Quelle comunità per la prima volta legate tra loro crearono quasi uno Stato parallelo a quello ufficiale che rispondeva alle esigenze solo con poliziotti bianchi armati di manganelli e fucili.
Judas and the Black Messiah ci mostra la realtà intima di un paese in cui non vi è possibilità da parte dei ceti più svantaggiati di cambiare la propria situazione e sposare l’”american dream”.
Hampton era contro l’individualismo, era per la comunità, l’orgoglio di classe e per portare in America – Paese nato da una rivoluzione, ma col tempo diventato conservatore e fascista – tecniche di lotta politica utilizzate dai rivoluzionari europei.
Alla sua lucidità e coscienza politica, al suo coraggio di giovane leader si contrappone O’Neal, il “Giuda” costretto dai federali, razzisti, misogini e fascisti, a tradire la sua stessa gente.
I due interpreti, Daniel Kaluuya (Hampton) e Lakeith Stanfield (O’Neal), sono semplicemente eccezionali nel mettere in scena due diversi volti della stessa comunità.

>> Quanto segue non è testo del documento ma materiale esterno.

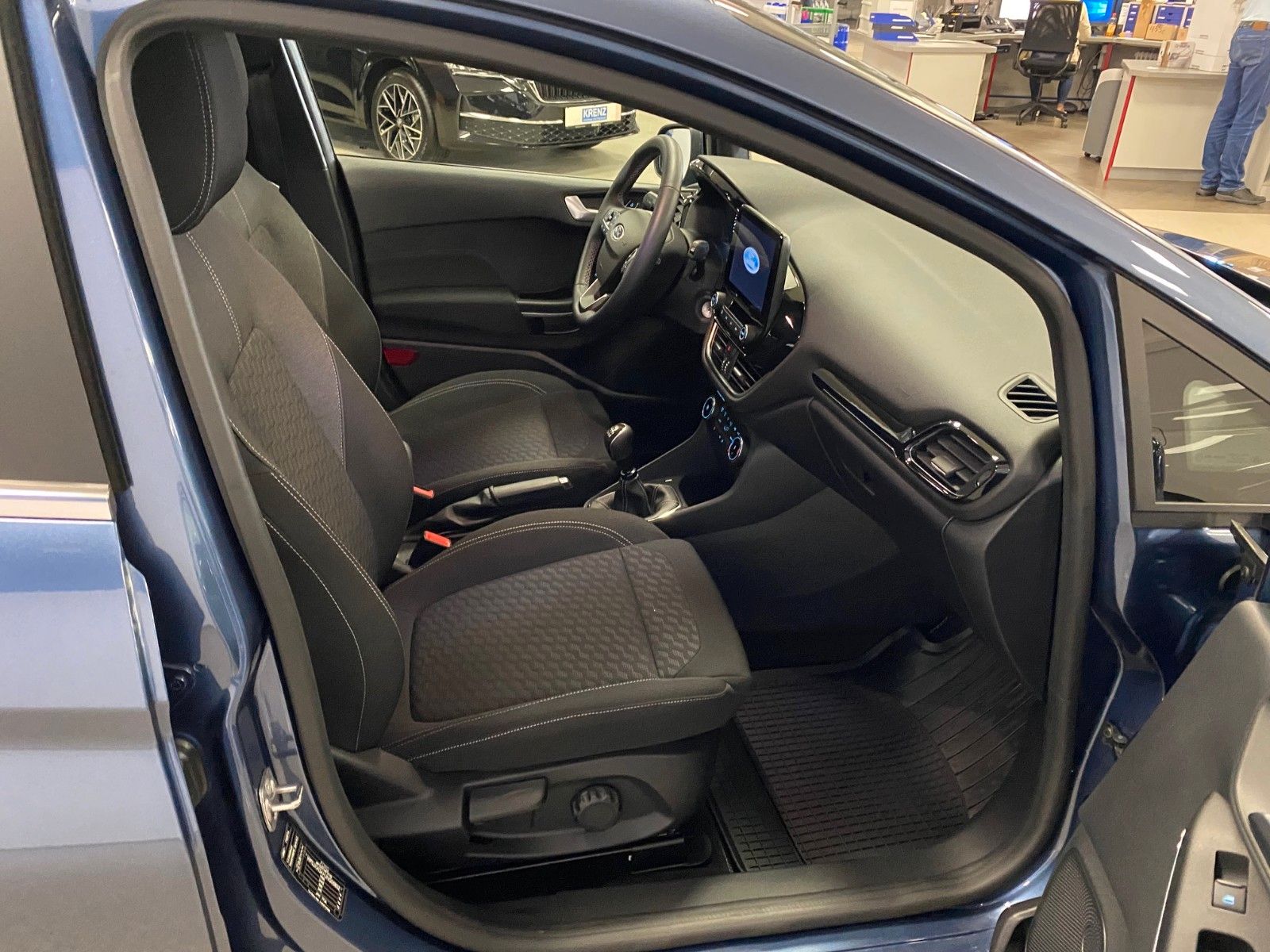 Fahrzeugabbildung Ford Fiesta 1.0 EcoBoost Titanium+LED+ALLWETTER+I-ACC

Perché se Hampton è l’oppresso che prende coscienza di sé e decide di combattere il sistema, O’Neal è immobile e condizionato dal sistema stesso, ma paradossalmente è colui al quale Hampton si rivolge.
O’Neal è ignorante, disperato, senza futuro e o legami, intraprende un viaggio che è la presa di coscienza della sua impotenza, è attratto e assieme impaurito dalle idee di Hampton, ma fondamentalmente è la pedina nelle mani di un agente dell’FBI.

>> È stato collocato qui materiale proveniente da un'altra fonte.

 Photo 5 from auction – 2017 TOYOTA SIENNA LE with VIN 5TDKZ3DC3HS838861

O’Neal tuttavia è anche l’erede degli schiavi neri e come loro non riesce a debellare la situazione di asservimento e terrore, di degrado e ghettizzazione in cui le minoranze in America ristagnano dai tempi della Guerra Civile.
Judas and the Black Messiah è un atto di accusa all’America come paese e società malata, incapace di correggersi, ossessionata dal pericolo comunista quando in realtà, è da sempre infettata dal mito del capitalismo come fonte di libertà. Ma l’unica libertà che garantisce è quella dei più forti. Quella dei bianchi.